→ Assignment
Give back the lines below exactly, but do not include any pictures.

→ Input data

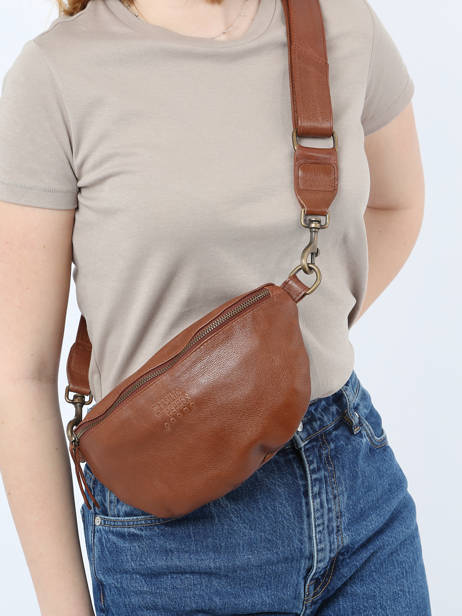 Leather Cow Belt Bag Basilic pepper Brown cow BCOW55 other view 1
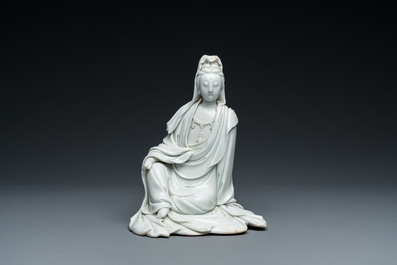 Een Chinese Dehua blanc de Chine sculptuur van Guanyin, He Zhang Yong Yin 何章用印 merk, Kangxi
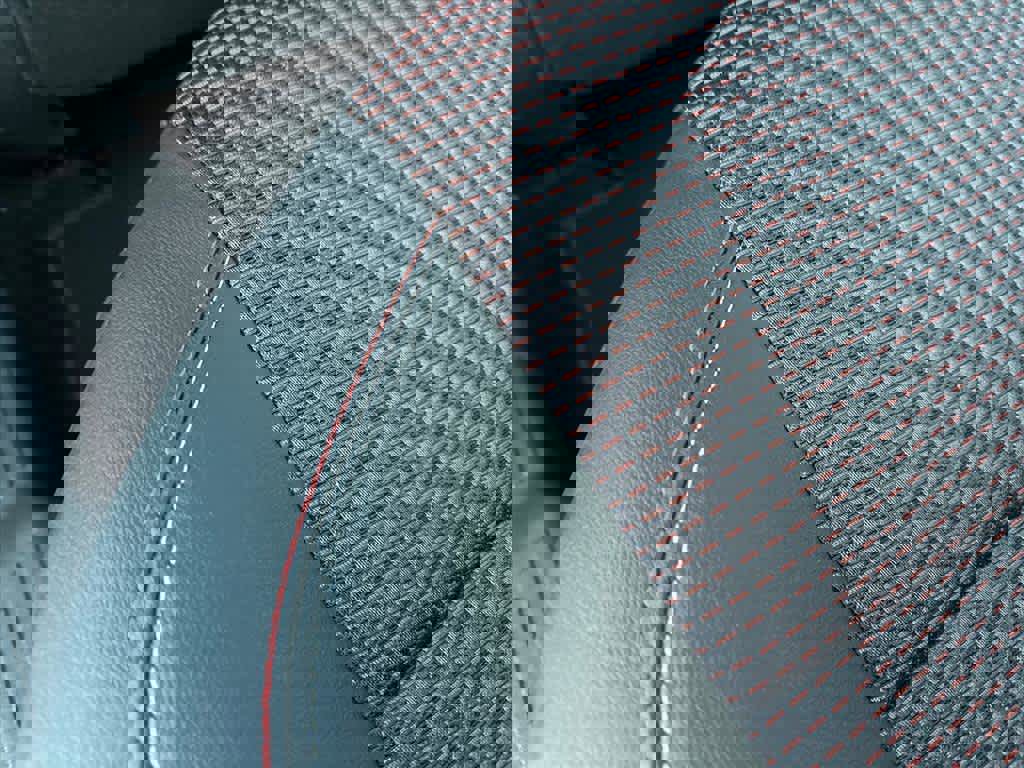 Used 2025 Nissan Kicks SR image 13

→ Answer space
 Leather Cow Belt Bag Basilic pepper Brown cow BCOW55 other view 1
 Een Chinese Dehua blanc de Chine sculptuur van Guanyin, He Zhang Yong Yin 何章用印 merk, Kangxi
 Used 2025 Nissan Kicks SR image 13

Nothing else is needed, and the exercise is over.